- Release poster
- Directed by: Jamie Adams
- Written by: Jamie Adams
- Produced by: Tom George; Rebecca Long;
- Starring: Martin Freeman; Josh Hutcherson; Malin Akerman; Jess Weixler; Craig Roberts;
- Cinematography: Ryan Eddleston
- Edited by: Mike Hopkins; Matt Platts-Mills;
- Music by: Andy Burrows
- Production companies: Happy Hour Productions; Boudica Entertainment; Principal Film Finance;
- Distributed by: Cineverse
- Release date: 9 June 2026 (VOD);
- Country: United Kingdom
- Language: English

= Let's Love (film) =

British comedy film

Let's Love is a 2026 British comedy film from Jamie Adams, starring Martin Freeman, Josh Hutcherson, Malin Akerman, Jess Weixler and Craig Roberts.

==Premise==
Filmmakers and actors reunite in Wales to celebrate the ten-year anniversary of their hit film.

==Cast==
- Martin Freeman as Nigel
- Josh Hutcherson as Jackson
- Malin Akerman as Andrea
- Jess Weixler as Jess
- Craig Roberts
- Richard Elis
- Chloé Jouannet
- Mia Carragher

==Production==
The film is written and directed by Jamie Adams. It is produced by Tom George and Rebecca Long, Happy Hour Productions and Boudica Entertainment in association with Principal Film Finance.

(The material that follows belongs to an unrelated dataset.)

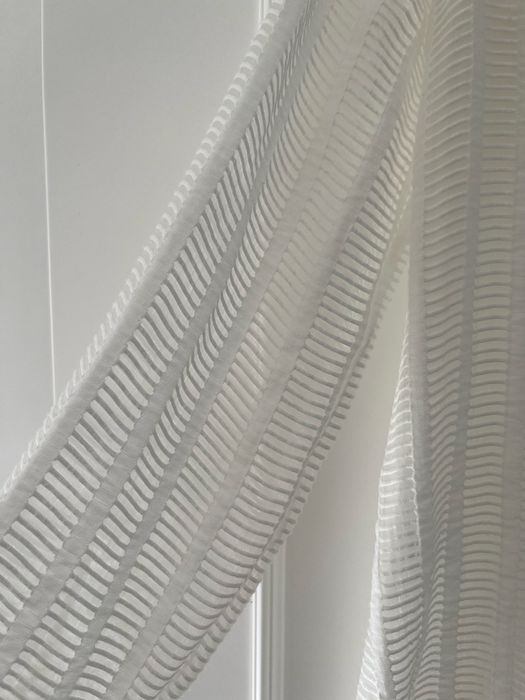 Blusa Massimo Dutti em ótimo estado de meia estação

The dialogue in the film is largely improvised by the cast which is led by Martin Freeman, Craig Roberts, Josh Hutcherson, Malin Akerman and Jess Weixler with Mia Carragher.

Principal photography took place in Wales in 2024. Filming locations include Cardiff, the Brecon Beacons, Porthcawl and at Dragon Studios in Bridgend.

==Release==
Let's Love was released on video on demand on 9 June 2026.